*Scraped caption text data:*

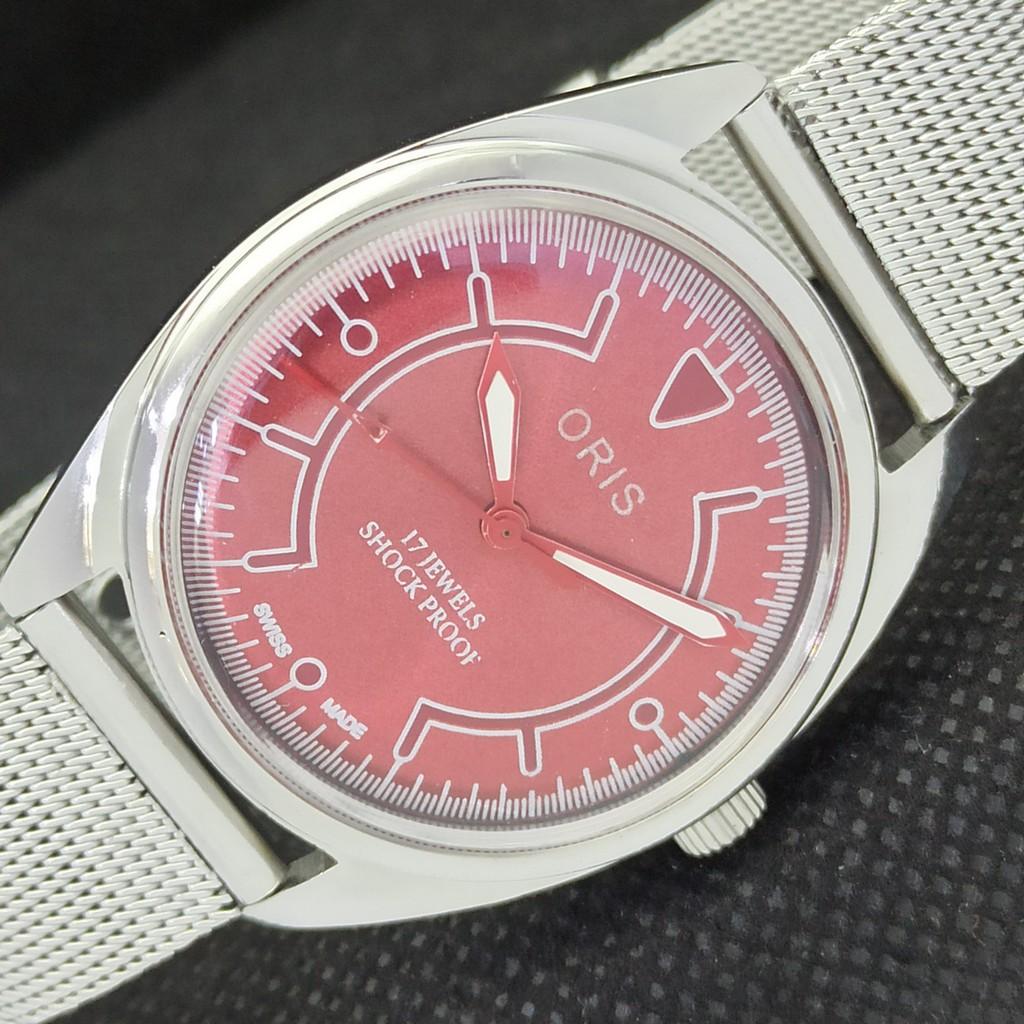 VINTAGE ORIS AUFZUG SCHWEIZER HERREN ÜBERHOLT ROTES Armbanduhr 558b-a296772-1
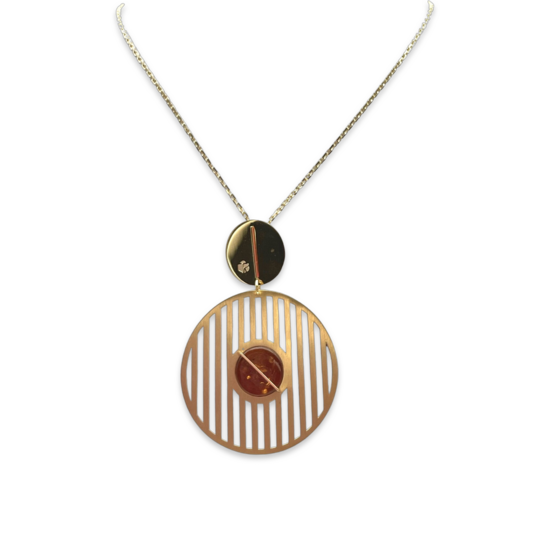 Amber gold plattierte Halskette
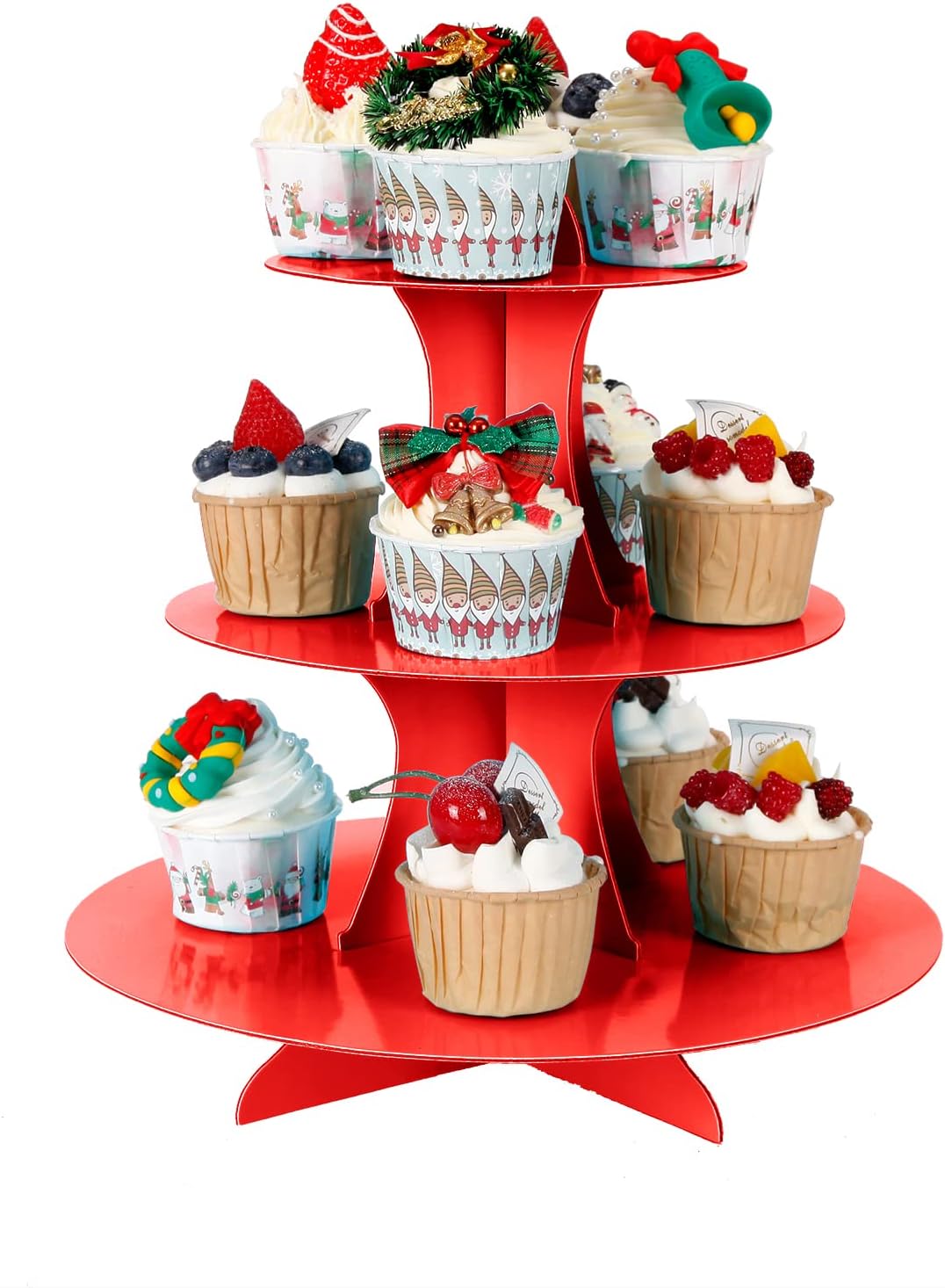 3-Tier Cupcake Stand, Cake Stand holder, Tiered DIY Cupcake Stand Tower for Dessert Table Displays, Birthday Theme Party Favors Decoration, Floral Tea Party, 12" W x 12.8" H, Red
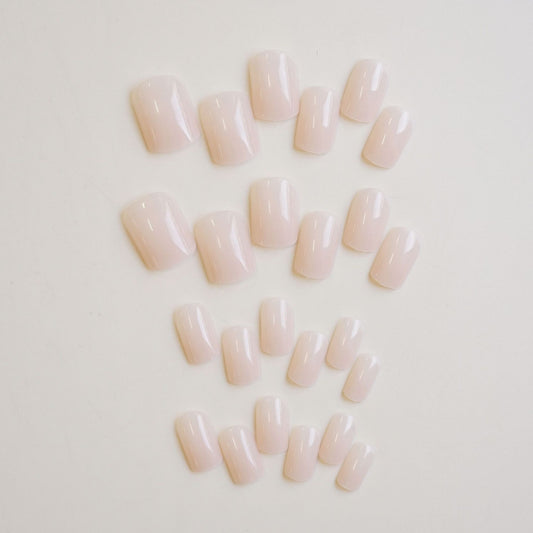 Elegant Serenity Medium Square Blush Pink Glossy Press On Nail Set with Versatile Styles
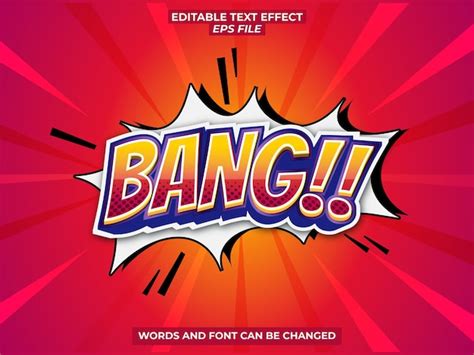 Texteffekt Schriftart Im Bang Comic Stil Bearbeitbare Typografie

*Task to carry out:*
If the data includes images, skip them and copy every line exactly.

*Task result:*
 VINTAGE ORIS AUFZUG SCHWEIZER HERREN ÜBERHOLT ROTES Armbanduhr 558b-a296772-1
 Amber gold plattierte Halskette
 3-Tier Cupcake Stand, Cake Stand holder, Tiered DIY Cupcake Stand Tower for Dessert Table Displays, Birthday Theme Party Favors Decoration, Floral Tea Party, 12" W x 12.8" H, Red
 Elegant Serenity Medium Square Blush Pink Glossy Press On Nail Set with Versatile Styles
 Texteffekt Schriftart Im Bang Comic Stil Bearbeitbare Typografie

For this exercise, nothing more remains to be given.